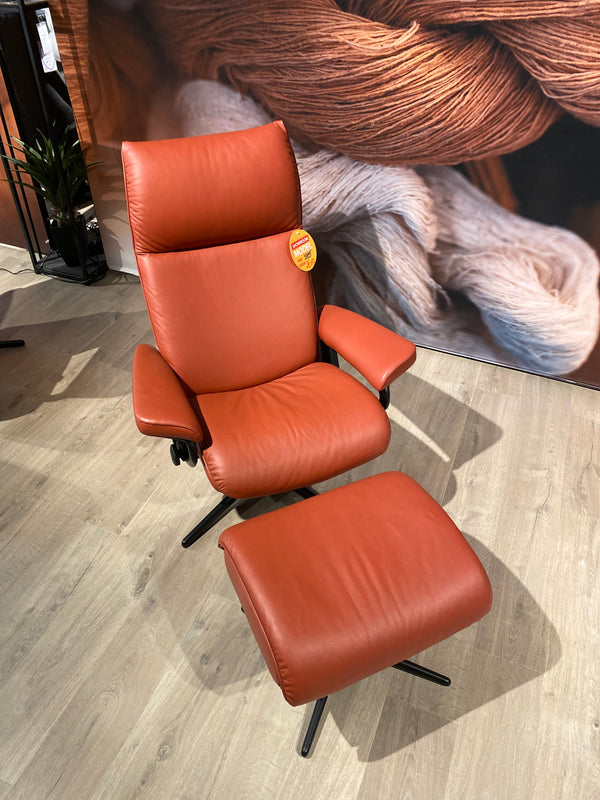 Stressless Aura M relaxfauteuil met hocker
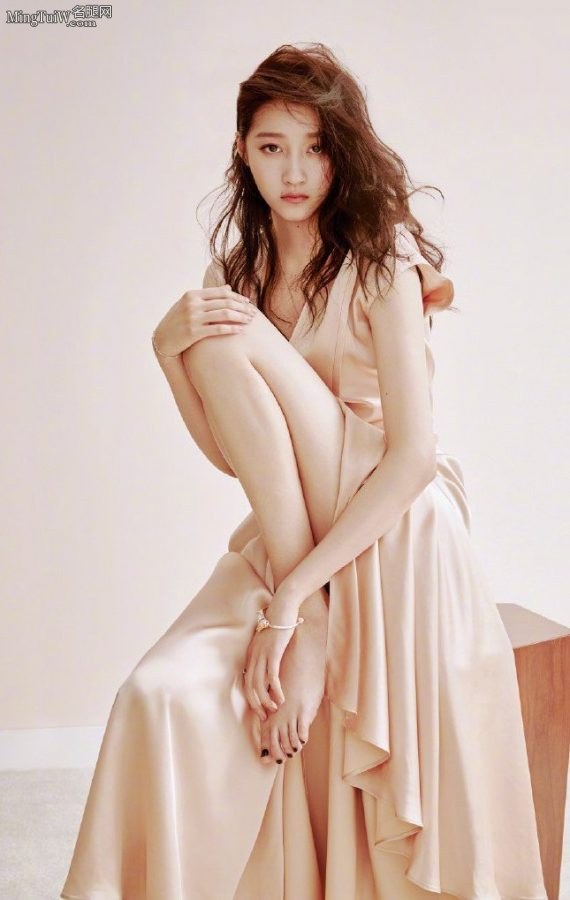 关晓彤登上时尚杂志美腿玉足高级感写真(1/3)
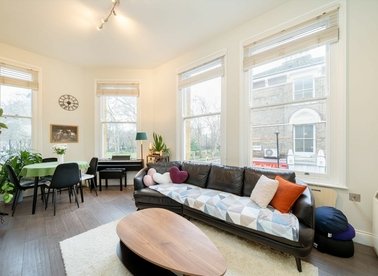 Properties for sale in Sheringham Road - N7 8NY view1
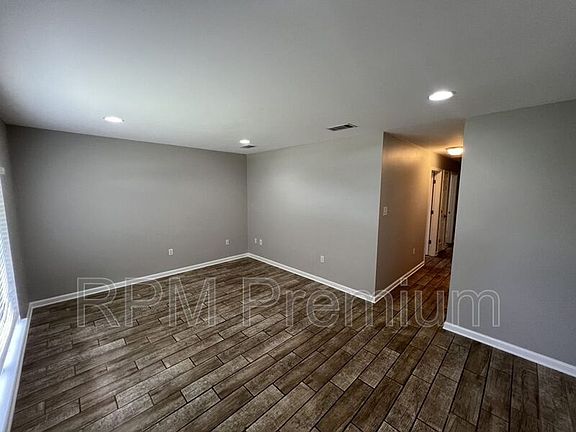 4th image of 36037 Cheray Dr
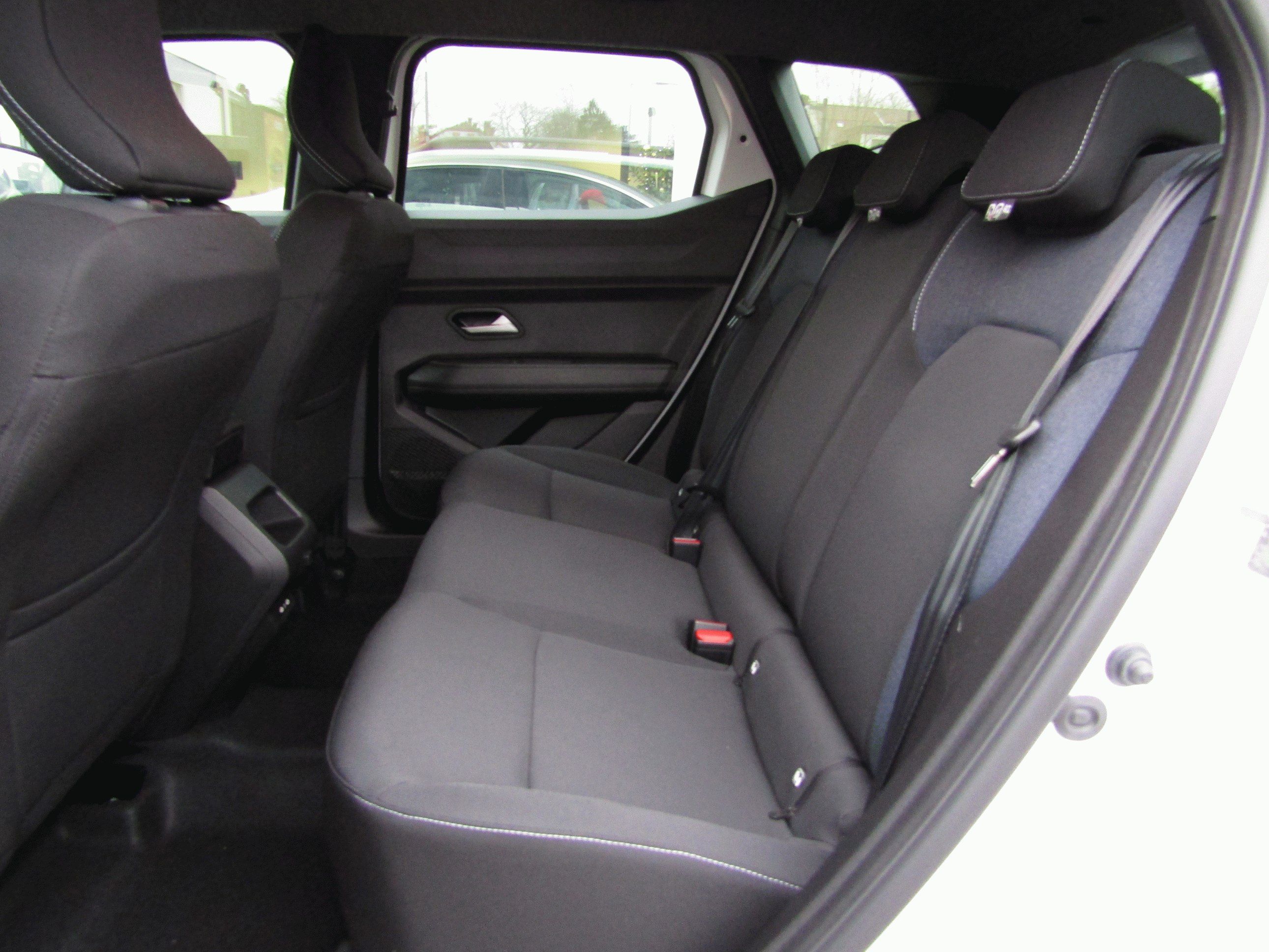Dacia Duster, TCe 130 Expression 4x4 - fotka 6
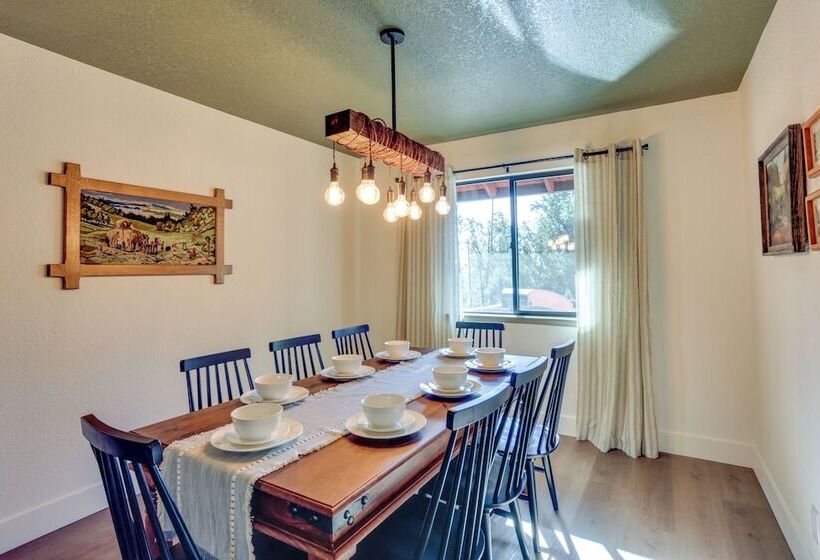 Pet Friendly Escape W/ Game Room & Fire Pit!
:::::
» THE PROBLEM
Output precisely the lines in the material above from the line containing "Dacia Duster, TCe" through its last line, and omit pictures.

» TASK RESULT
Dacia Duster, TCe 130 Expression 4x4 - fotka 6
 Pet Friendly Escape W/ Game Room & Fire Pit!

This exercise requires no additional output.